━━━━━ Data block

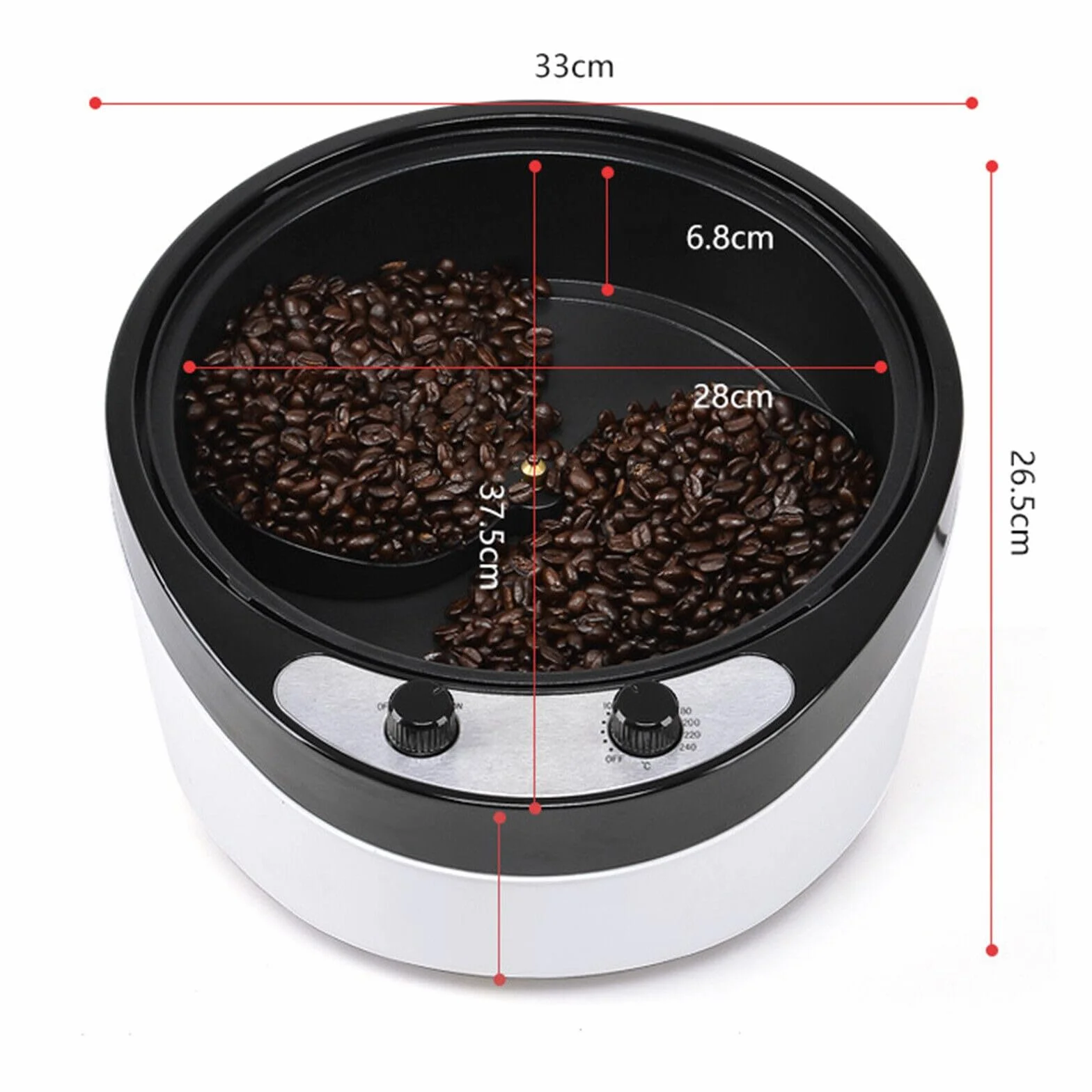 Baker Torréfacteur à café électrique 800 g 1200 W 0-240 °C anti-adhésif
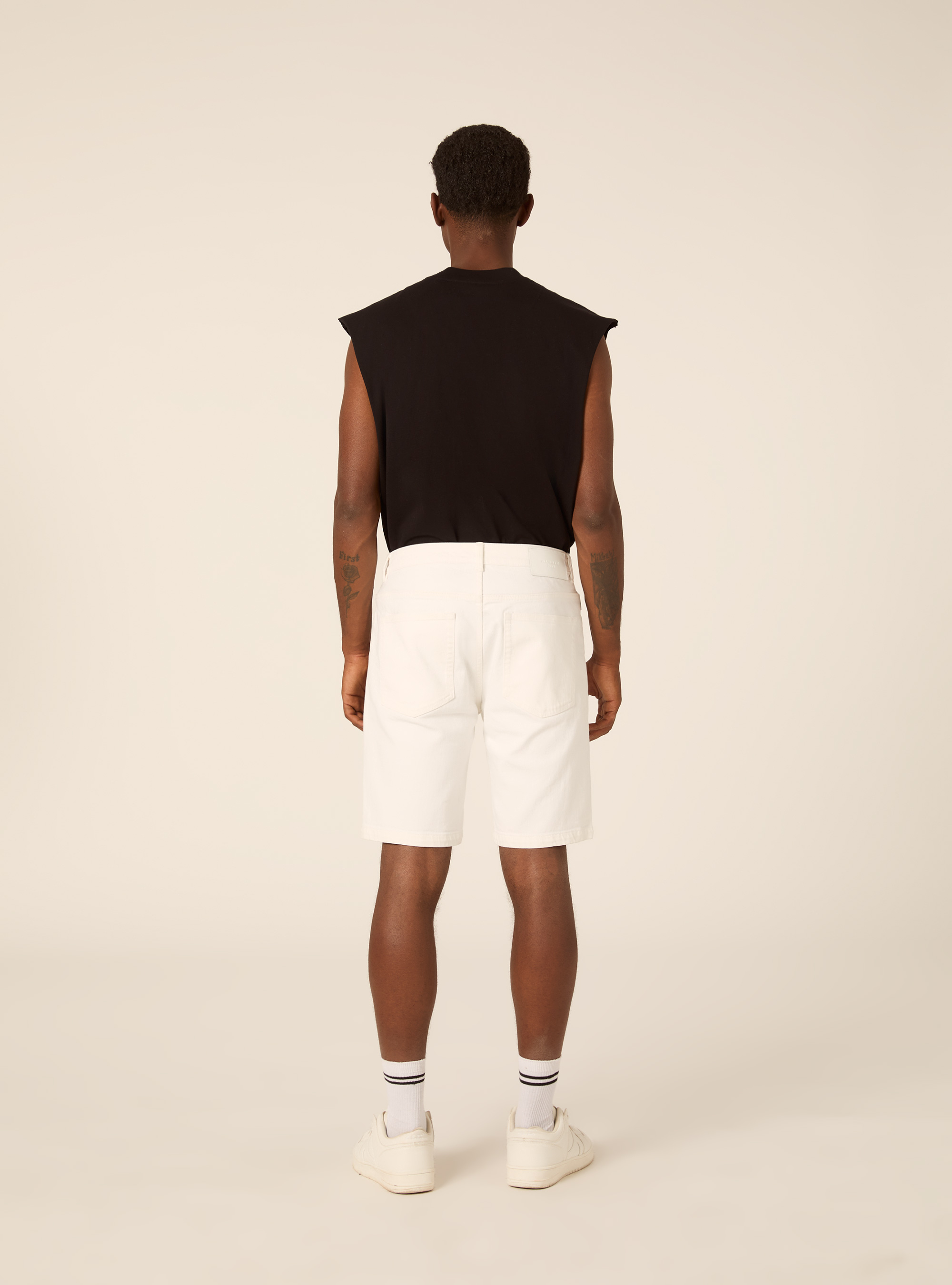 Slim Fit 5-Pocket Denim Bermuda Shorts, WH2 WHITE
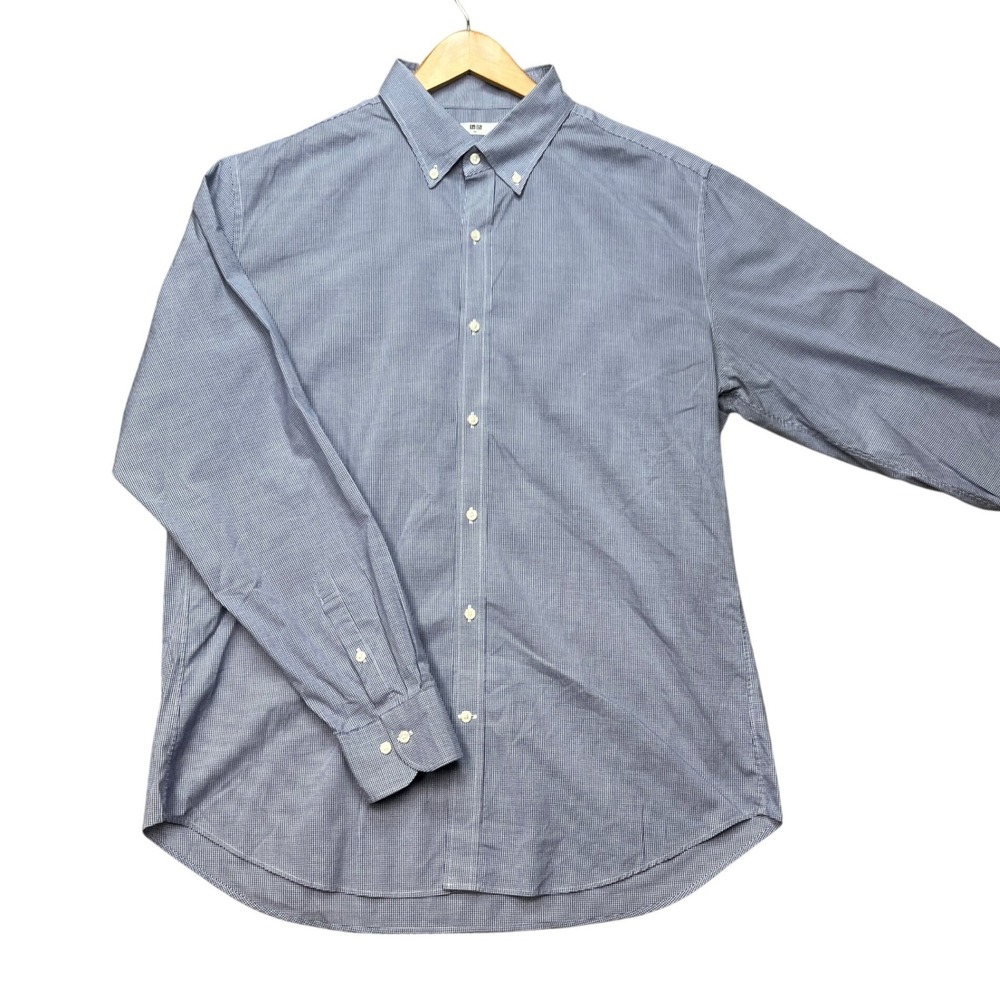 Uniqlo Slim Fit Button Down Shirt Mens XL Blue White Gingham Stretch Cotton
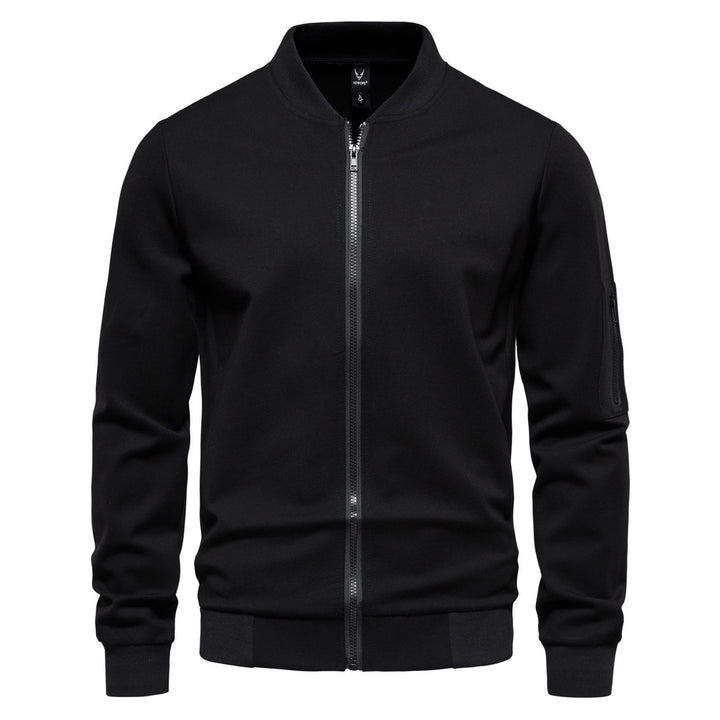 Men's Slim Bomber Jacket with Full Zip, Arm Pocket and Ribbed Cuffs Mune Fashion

━━━━━━━━━━

## What to do:
Please repeat the lines that run from the one holding "Uniqlo Slim Fit" to the last line of the material, both included, exactly and without pictures.

## Answer box:
 Uniqlo Slim Fit Button Down Shirt Mens XL Blue White Gingham Stretch Cotton
 Men's Slim Bomber Jacket with Full Zip, Arm Pocket and Ribbed Cuffs Mune Fashion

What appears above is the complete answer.